各位网友,我这里想向大家提供大家无法看到的关于相对论问题的新发现,权威学术报刊和网络论坛是不会发表和保留所有否定性的重大发现的文章和帖子的,就连主流学界进行的重大实验,如强子对撞机和美国教授的时间机器,由于不产生预期的肯定性结果,报刊是同样不会刊载负面结果的,因此争论了百年的关于相对论的是非真伪大家都无法知情,由于关系重大,笔者以为不能捂着盖子,不让民众知情,本博客就是为了把是新发现的真相告诉大家。

一说起科学家和科学,言必称爱因斯坦及其相对论,被称之为最伟大的科学家和最伟大的科学理论,但是我在此谨以个人人格向全球科学界郑重宣称:导致狭义相对论诞生的关键实验——“迈克尔逊——莫雷实验,其0结果已经真相大白,(见《发明与创新》2007年8月号),相对论(至少狭义相对论)的是非真伪已经真相大白,被著名实验 “迈克尔逊——莫雷实验”证明为真理的不是相对论,却是经典物理。

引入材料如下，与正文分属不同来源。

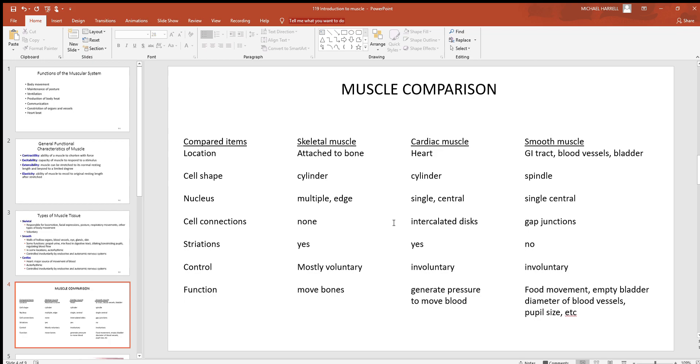...are ion channels connecting those cells that lets them pass electric signals from one cell to the next. That lets them communicate in a very good way. After that, you see striations - looks like stripes on a histology slide.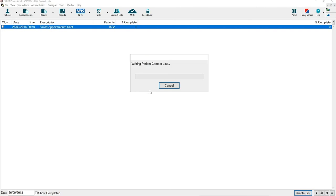If you press yes it will then run through and create a new contact list with the patients names and numbers.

你会说:你苏某(本人实名是苏钟麟)算老几,竟敢蚍蜉撼大树,但我以为权威不是真理的标准,关于相对论,真正的科学家,凡看过“0结果的真相等5个相对论的致命错误”(见附件),你就不会再公开声称相对论是正确理论了,因为你一看就会恍然大悟,无可辩驳;如果你不是物理专业人员也不要紧(相对论究竟应归属哪个专业,也难说清),你也未必看不懂,如有不甚明了之处,可以提出,并欢迎提请国内外专家学者给予公开评判,对于笔者所提问题,如有差错,可以批评指正。如果那5个致命问题最终无人驳回,那么,理应确认:相对论(至少狭义相对论)是20世纪一大世界性思维误区,相对论及其上层建筑将成为史无前例的学术垃圾。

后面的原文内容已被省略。